Weston chairman Land looking ever forwards during current pandemic
PUBLISHED: 10:00 08 May 2020
Weston Rugby Club chairman Peter Land has written a guest column for the Mercury to share his thoughts about the sport in the town and his own background.
He writes: I feel I should be writing to say how much I am looking forward to what could be a glorious sporting calendar, crammed with catch-up events, meetings of old foes, friendly rivalries and the occasional Saturday with one too many Thatchers on board, sunshine, wind and rain all during 80 minutes.
But as I live in a seaside town, I feel a water borne analogy should follow Weston RFC, which is like a parent with an inflatable dinghy looking out from the beach waiting for calmer season. To launch in the hope that it will be okay will be wholly irresponsible; so, we will wait, stay at home, save lives and protect the NHS’.
If there is a time to play rugby then we will be grateful, my own view is that we only play when the time is right and that will be when it is safe for players, members, supporters and families.
If this means that we do not play South West Premier Rugby next season, so be it. We are surrounded by good local sides we could easily arrange fixtures during the week and at weekends.
A fallow season may prove beneficial to some sides wanting to consolidate their position.
If I was a casual reader I would want to know who we are and what we have, because we are a club consisting of many sides from all backgrounds and genders, situated in the heart of Weston, formed in 1875 and the first club in the country to field an age group in what is now known as mini-rugby.
In fact, the forthcoming season will their 50th season of rugby.
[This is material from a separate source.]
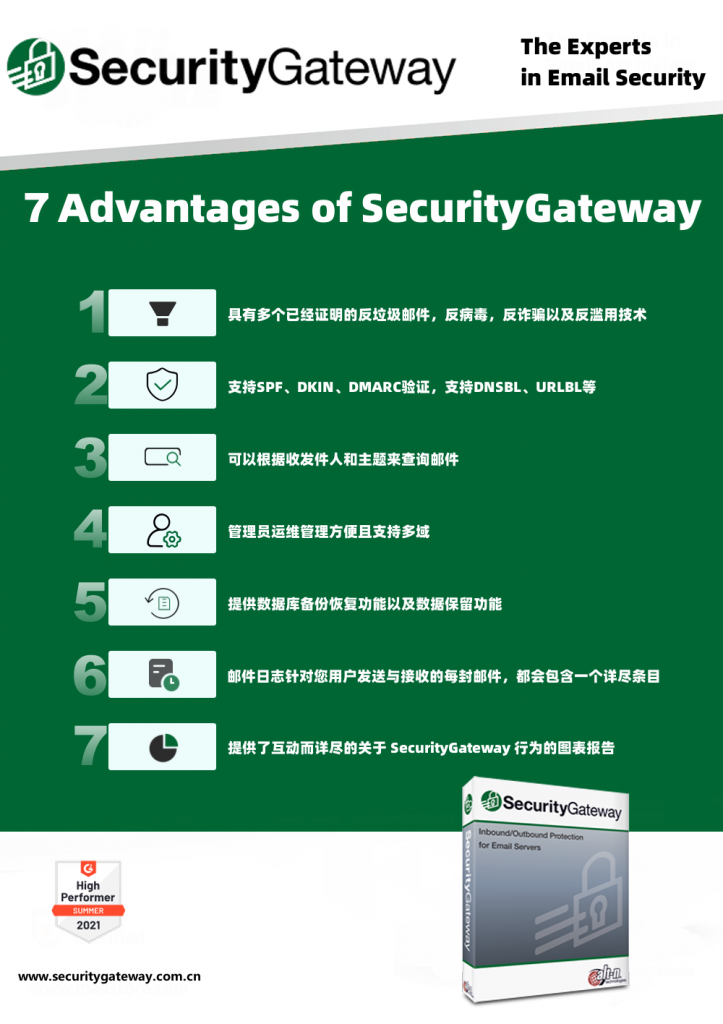 为什么说SecurityGateway是Office365最好的邮件安全解决方案？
Our ground was the first in the British Isles to witness ‘The Haka’ being performed when it hosted the New Zealand Maoris who were the forerunners of todays All Blacks.
I also missed possibly the club’s greatest game on Saturday January 26, 1980 when the club played what was then a mighty London Welsh side.
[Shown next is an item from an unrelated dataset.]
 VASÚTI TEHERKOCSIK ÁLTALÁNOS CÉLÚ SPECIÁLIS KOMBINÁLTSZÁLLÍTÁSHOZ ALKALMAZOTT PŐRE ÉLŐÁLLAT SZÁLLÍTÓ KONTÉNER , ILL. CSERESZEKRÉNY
I did see what I still think is the most entertaining match in recent years at the club when we lost the Somerset Cup Final in extra-time to our neighbours in 2015. Two sets of players, many of whom were friends, kept rival supporters, who were also neighbours, entertained for 110 minutes.
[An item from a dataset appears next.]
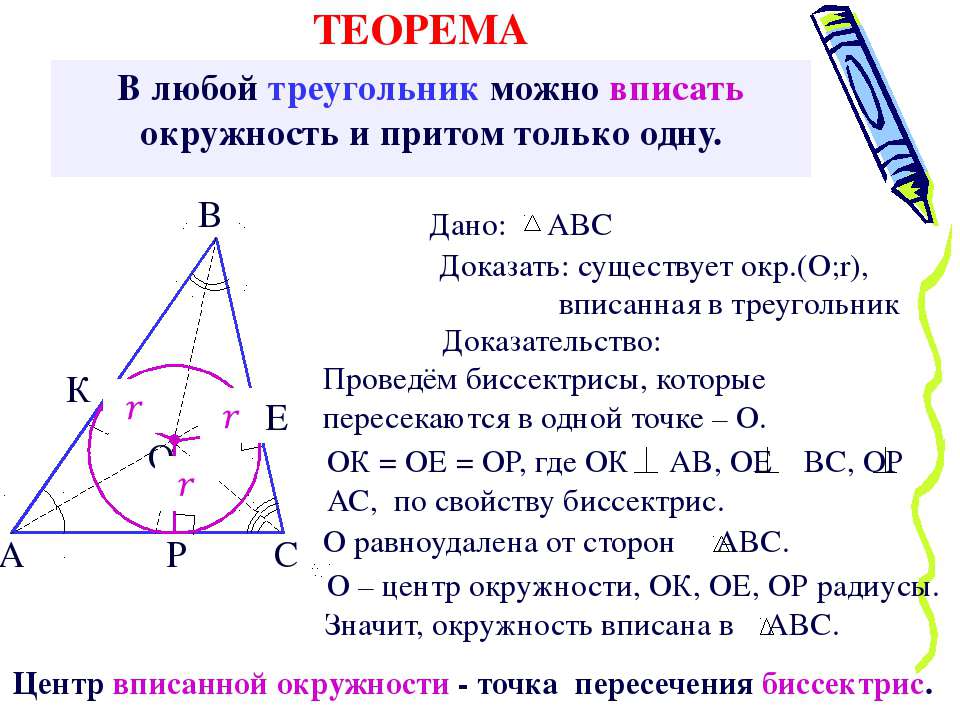 Вписанный равнобедренный треугольник свойства. Биссектрисы треугольника центр вписанной окружности. В треугольник можно вписать только одну окружность доказательство. Вписанная окружность биссектрисы. Теорема об окружности вписанной в треугольник.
This season, another defeat sticks in my mind. Barnstaple might have been a defeat but for the actions of a few and a little bit of luck a life might have been lost when one member collapsed with a heart attack. Those individuals will rightly receive Royal Humane Society Awards for their actions that day.
Although my links with Weston are familial – my dad was born here, and my grandmother was a teacher at the original Worle School – I’m neither a true Westonian or in fact a real rugby player. I dabbled with the game but played soccer as Jack Russell keeps calling it!
I must remind him it was only because William Webb-Ellis ran off with some kid’s football that anyone plays rugby at all!
These days, that might be regarded as theft not the invention of a new sport.
In these regards I lack that long association with our club and know nothing about fixtures against London Welsh, London Saracens, Bath, Bristol and the like. I have no idea how great Robbie Hazzard was or what it was like to play alongside Barry Sparks, George Sparks, Jon Bamsey or Alan Bradley.
Their reputations precede the men themselves. The fact is they are still here in person or in Robbie’s case, a memory. This does prompt a mental note that his gates need sandblasting and restoring to their former glory.
Being involved in a club with history is great but it brings with it risk, you don’t drive a car looking through the rear view mirror, and for those of you that do use your rear view mirrors you know that you can be blinded and distances are hard to judge.
Whilst I congratulate Barnstaple for their deserved promotion, I’m not sure I envy them. The constitution of that league appears a huge step-up in terms of commitment for clubs, players and supporters without a pro-rata level of support being provided.
I would’ve loved to have been involved in a play-off and promotion but being competitive as well as coping with the financial burden could have done more harm than good.
I am genuinely delighted for Weston Hornets, to find a town with two clubs like ours, add up the number of boys and girls playing the game, we must be one of the strongest rugby communities in the South West.
I hope we can get together this season, even if not in the format that we expected. There is no doubt it will not be any less competitive. Nobody ever knows what lies in the future, just for once even certain uncertainty appears uncertain, but I do know time will move ‘Ever Forward’.